**Task data:**
========

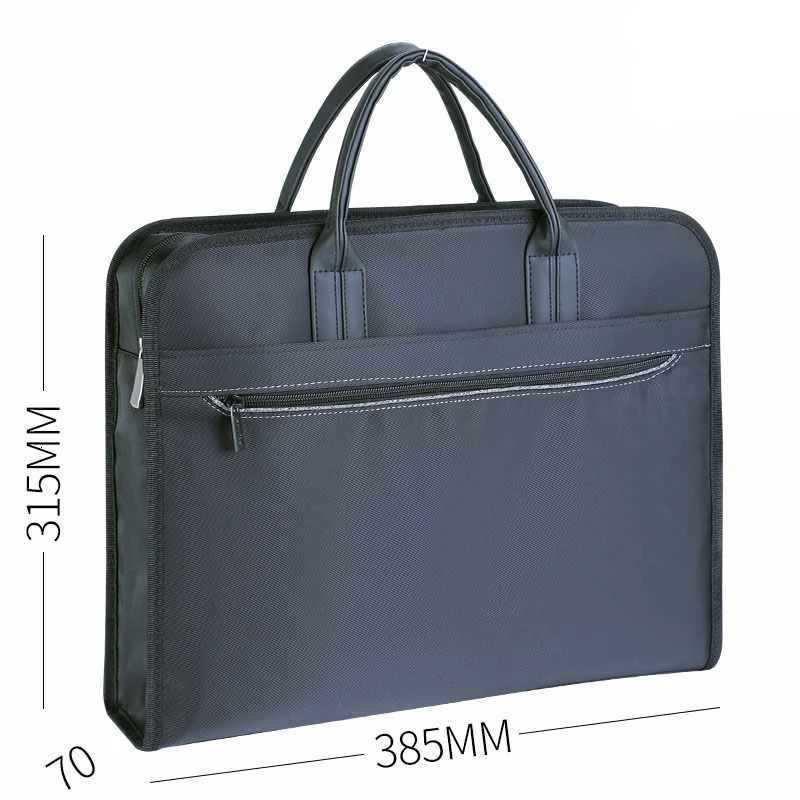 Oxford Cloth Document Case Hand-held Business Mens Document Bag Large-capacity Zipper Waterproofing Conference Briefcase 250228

========

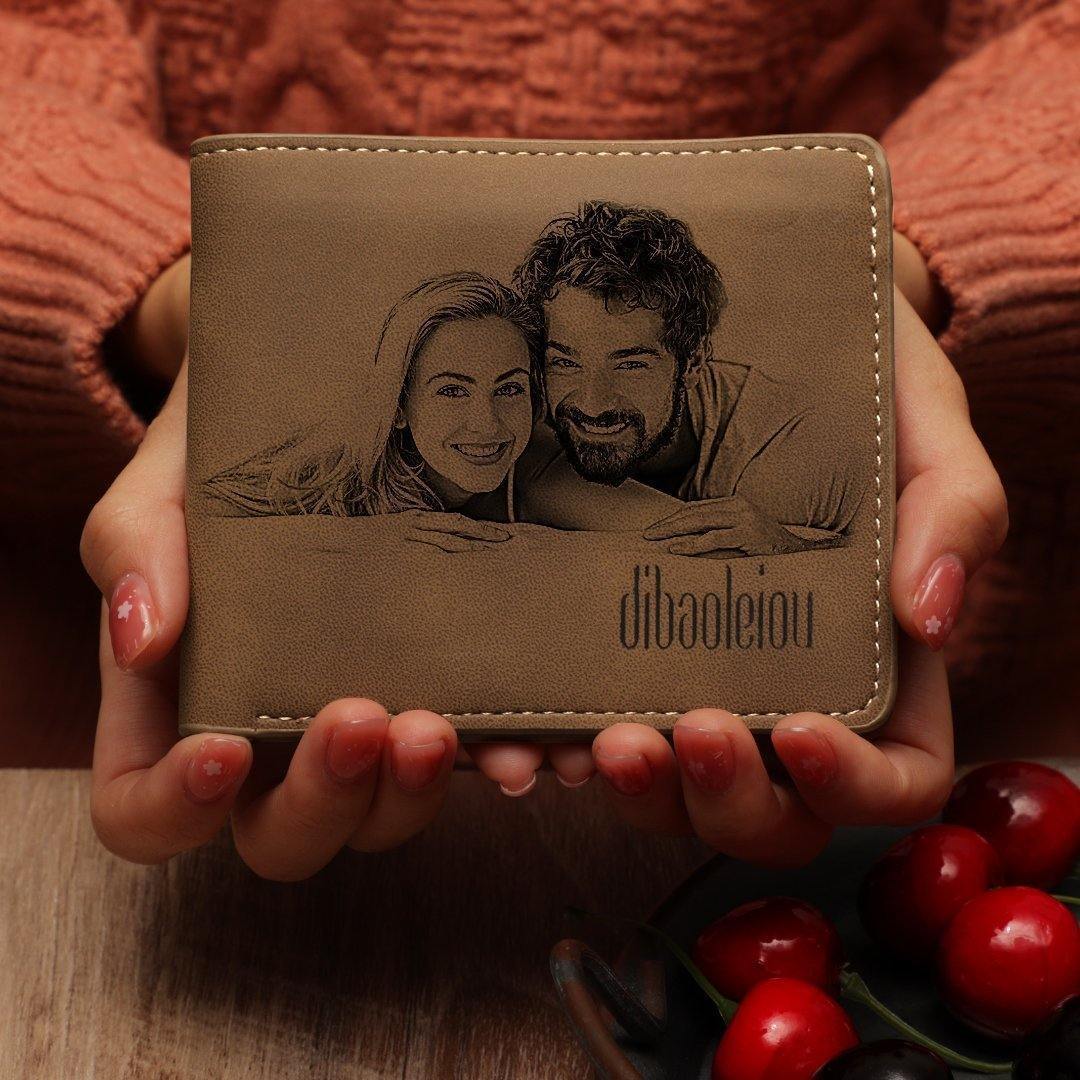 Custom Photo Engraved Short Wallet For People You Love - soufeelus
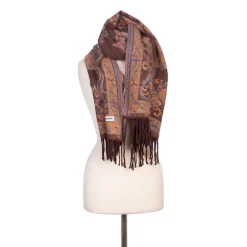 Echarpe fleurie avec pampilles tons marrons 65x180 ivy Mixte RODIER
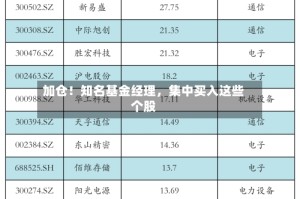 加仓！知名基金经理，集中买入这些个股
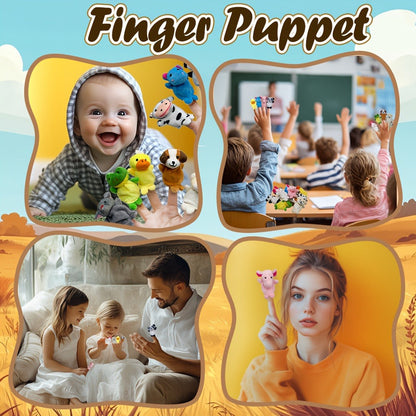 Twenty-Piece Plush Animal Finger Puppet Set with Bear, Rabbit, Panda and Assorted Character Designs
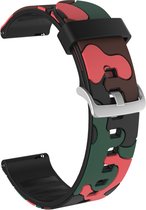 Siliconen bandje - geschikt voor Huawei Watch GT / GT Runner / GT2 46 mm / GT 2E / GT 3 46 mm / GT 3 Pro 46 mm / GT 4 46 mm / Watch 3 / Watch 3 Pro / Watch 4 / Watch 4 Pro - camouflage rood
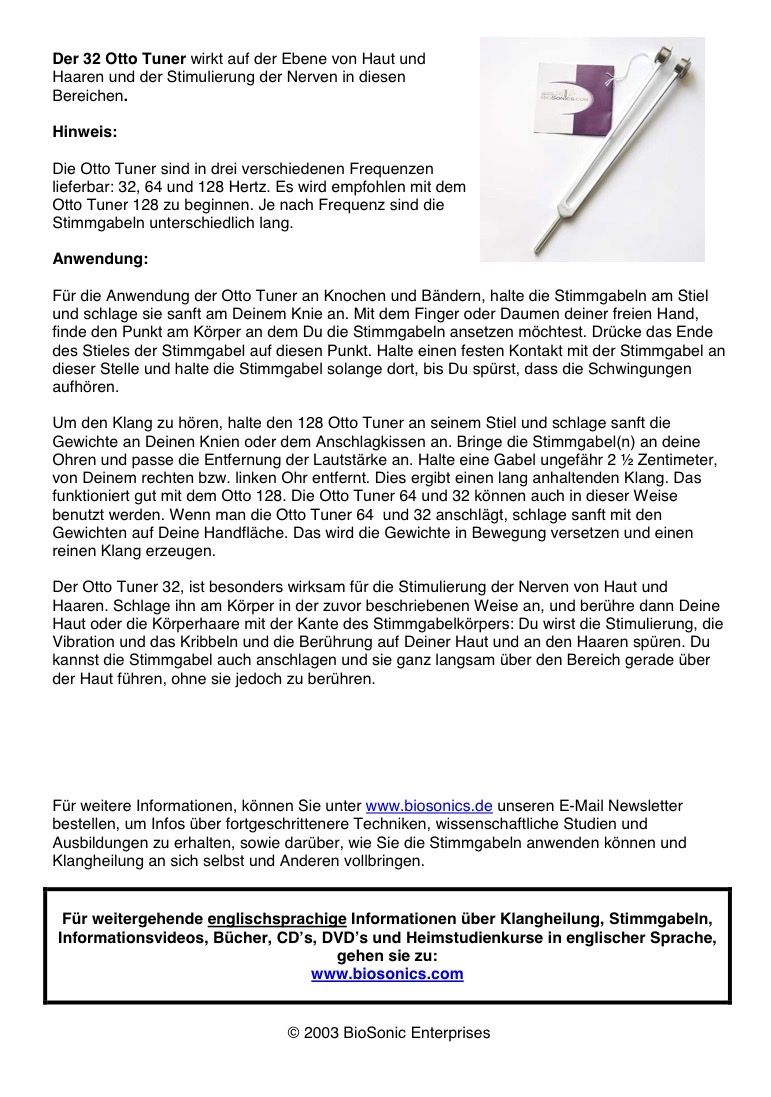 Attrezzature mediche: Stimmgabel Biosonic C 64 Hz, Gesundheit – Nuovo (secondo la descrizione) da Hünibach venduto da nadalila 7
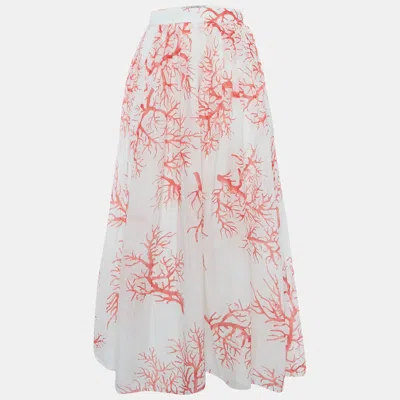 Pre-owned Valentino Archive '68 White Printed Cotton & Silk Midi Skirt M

========

**Try it:**
Leaving every picture aside, reproduce exactly the lines above from the one with "加仓！知名基金经理，集中买入这些个股" up to and including the one with "Pre-owned Valentino Archive", and no others.

**Response below:**
 加仓！知名基金经理，集中买入这些个股
 Twenty-Piece Plush Animal Finger Puppet Set with Bear, Rabbit, Panda and Assorted Character Designs
 Siliconen bandje - geschikt voor Huawei Watch GT / GT Runner / GT2 46 mm / GT 2E / GT 3 46 mm / GT 3 Pro 46 mm / GT 4 46 mm / Watch 3 / Watch 3 Pro / Watch 4 / Watch 4 Pro - camouflage rood
 Attrezzature mediche: Stimmgabel Biosonic C 64 Hz, Gesundheit – Nuovo (secondo la descrizione) da Hünibach venduto da nadalila 7
 Pre-owned Valentino Archive '68 White Printed Cotton & Silk Midi Skirt M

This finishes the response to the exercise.